**Source material:**
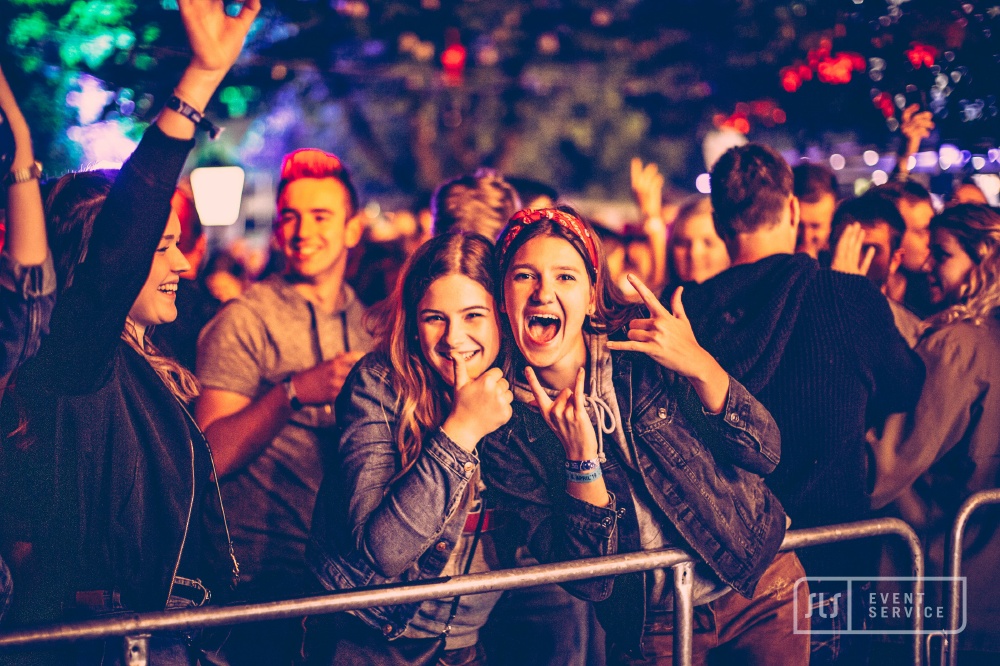 Junge Besucherinnen feiern ausgelassen bei einem Konzert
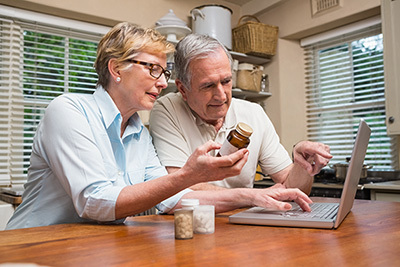 Man and woman looking at medication and computer screen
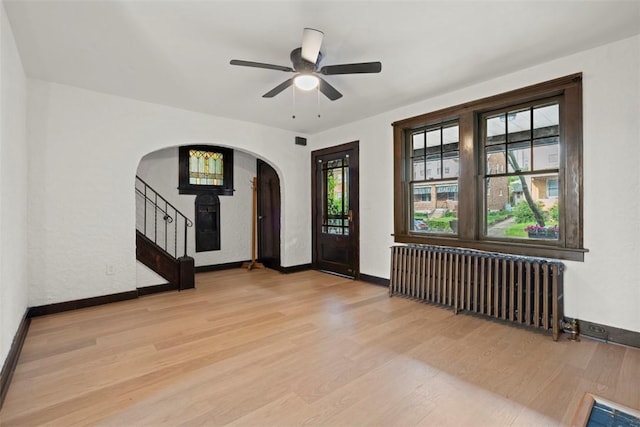 22 Beltzhoover Ave, Allentown, PA 15210 - entrance foyer with radiator heating unit, arched walkways, light wood finished floors, and a ceiling fan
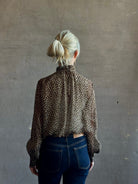 Mature woman wearing Nili Lotan Silk Demie Blouse in Brown/Cream Wild Dots sheer mock neck and keyhole back closure. Made in the USA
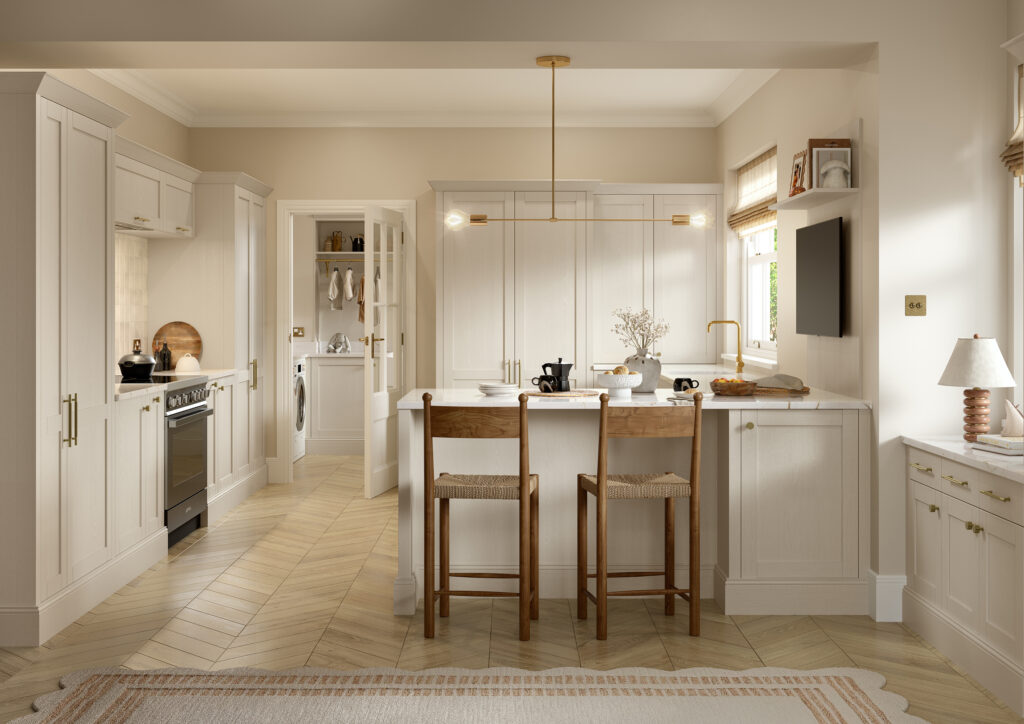 Taupe shaker kitchen with island seating, brass handles and integrated utility room.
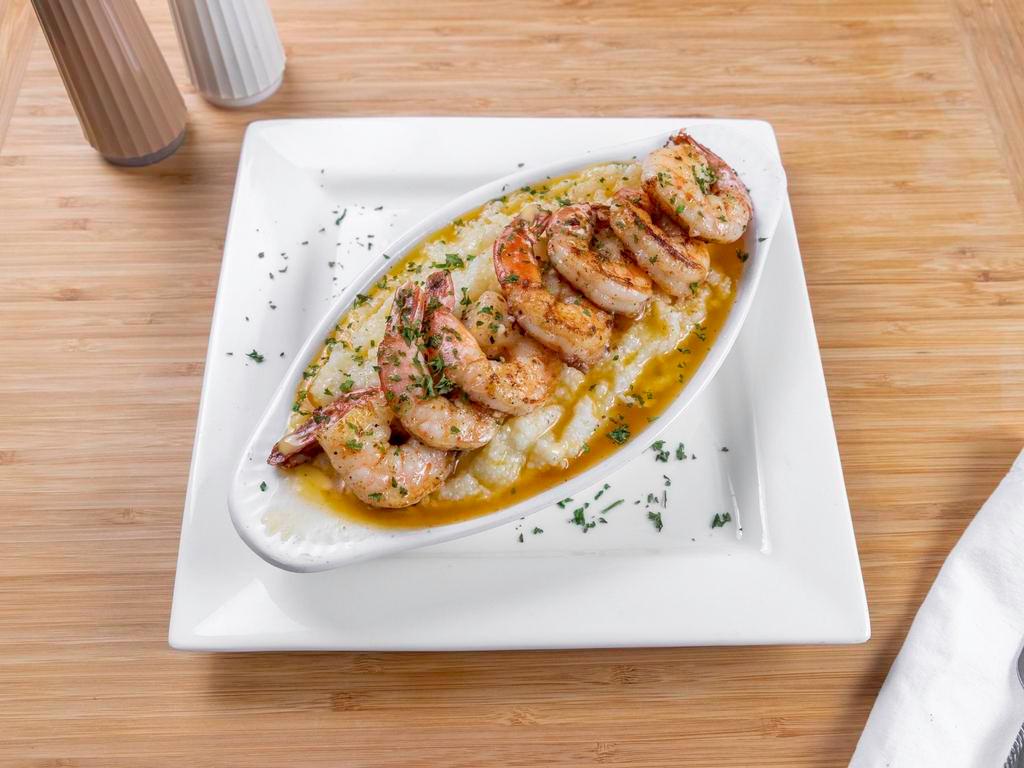 Shrimp and Grits · Fried or sauteed with Cajun creamy sauce over buttery grits.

**The problem:**
A word-for-word reproduction is needed of the lines above from the line containing "Man and woman" through the line containing "Taupe shaker kitchen", with both ends kept and no pictures.

**Your solution:**
 Man and woman looking at medication and computer screen
 22 Beltzhoover Ave, Allentown, PA 15210 - entrance foyer with radiator heating unit, arched walkways, light wood finished floors, and a ceiling fan
 Mature woman wearing Nili Lotan Silk Demie Blouse in Brown/Cream Wild Dots sheer mock neck and keyhole back closure. Made in the USA
 Taupe shaker kitchen with island seating, brass handles and integrated utility room.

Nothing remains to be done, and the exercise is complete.